_DATASET RECORDS_:
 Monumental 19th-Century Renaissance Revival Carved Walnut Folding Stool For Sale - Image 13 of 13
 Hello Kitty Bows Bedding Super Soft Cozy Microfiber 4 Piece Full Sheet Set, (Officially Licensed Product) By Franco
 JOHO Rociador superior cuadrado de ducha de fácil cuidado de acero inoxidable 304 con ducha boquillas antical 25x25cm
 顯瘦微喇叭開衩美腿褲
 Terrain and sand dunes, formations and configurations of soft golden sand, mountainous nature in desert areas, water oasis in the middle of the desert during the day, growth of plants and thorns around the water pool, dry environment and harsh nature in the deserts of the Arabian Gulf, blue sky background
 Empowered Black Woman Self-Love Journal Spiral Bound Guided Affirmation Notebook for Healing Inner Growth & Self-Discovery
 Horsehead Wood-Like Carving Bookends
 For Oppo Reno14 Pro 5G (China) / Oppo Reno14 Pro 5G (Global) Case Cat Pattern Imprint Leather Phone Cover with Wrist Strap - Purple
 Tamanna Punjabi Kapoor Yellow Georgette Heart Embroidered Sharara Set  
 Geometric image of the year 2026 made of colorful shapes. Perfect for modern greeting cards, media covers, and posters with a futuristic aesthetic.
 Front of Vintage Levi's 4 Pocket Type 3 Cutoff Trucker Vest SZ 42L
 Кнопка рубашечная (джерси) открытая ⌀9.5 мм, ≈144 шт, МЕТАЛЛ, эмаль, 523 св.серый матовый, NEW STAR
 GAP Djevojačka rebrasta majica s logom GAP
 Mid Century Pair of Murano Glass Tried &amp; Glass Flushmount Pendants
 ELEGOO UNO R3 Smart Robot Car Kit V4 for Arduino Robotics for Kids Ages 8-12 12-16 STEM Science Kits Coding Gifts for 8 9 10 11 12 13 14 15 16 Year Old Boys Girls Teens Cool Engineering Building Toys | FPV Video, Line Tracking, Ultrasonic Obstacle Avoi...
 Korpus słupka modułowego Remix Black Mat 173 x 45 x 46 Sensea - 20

_GOAL OF THE EXERCISE_:
Would you repeat, exactly and with nothing added, every line from the line containing "Empowered Black Woman" through the last line of the records above?

_SOLUTION_:
 Empowered Black Woman Self-Love Journal Spiral Bound Guided Affirmation Notebook for Healing Inner Growth & Self-Discovery
 Horsehead Wood-Like Carving Bookends
 For Oppo Reno14 Pro 5G (China) / Oppo Reno14 Pro 5G (Global) Case Cat Pattern Imprint Leather Phone Cover with Wrist Strap - Purple
 Tamanna Punjabi Kapoor Yellow Georgette Heart Embroidered Sharara Set  
 Geometric image of the year 2026 made of colorful shapes. Perfect for modern greeting cards, media covers, and posters with a futuristic aesthetic.
 Front of Vintage Levi's 4 Pocket Type 3 Cutoff Trucker Vest SZ 42L
 Кнопка рубашечная (джерси) открытая ⌀9.5 мм, ≈144 шт, МЕТАЛЛ, эмаль, 523 св.серый матовый, NEW STAR
 GAP Djevojačka rebrasta majica s logom GAP
 Mid Century Pair of Murano Glass Tried &amp; Glass Flushmount Pendants
 ELEGOO UNO R3 Smart Robot Car Kit V4 for Arduino Robotics for Kids Ages 8-12 12-16 STEM Science Kits Coding Gifts for 8 9 10 11 12 13 14 15 16 Year Old Boys Girls Teens Cool Engineering Building Toys | FPV Video, Line Tracking, Ultrasonic Obstacle Avoi...
 Korpus słupka modułowego Remix Black Mat 173 x 45 x 46 Sensea - 20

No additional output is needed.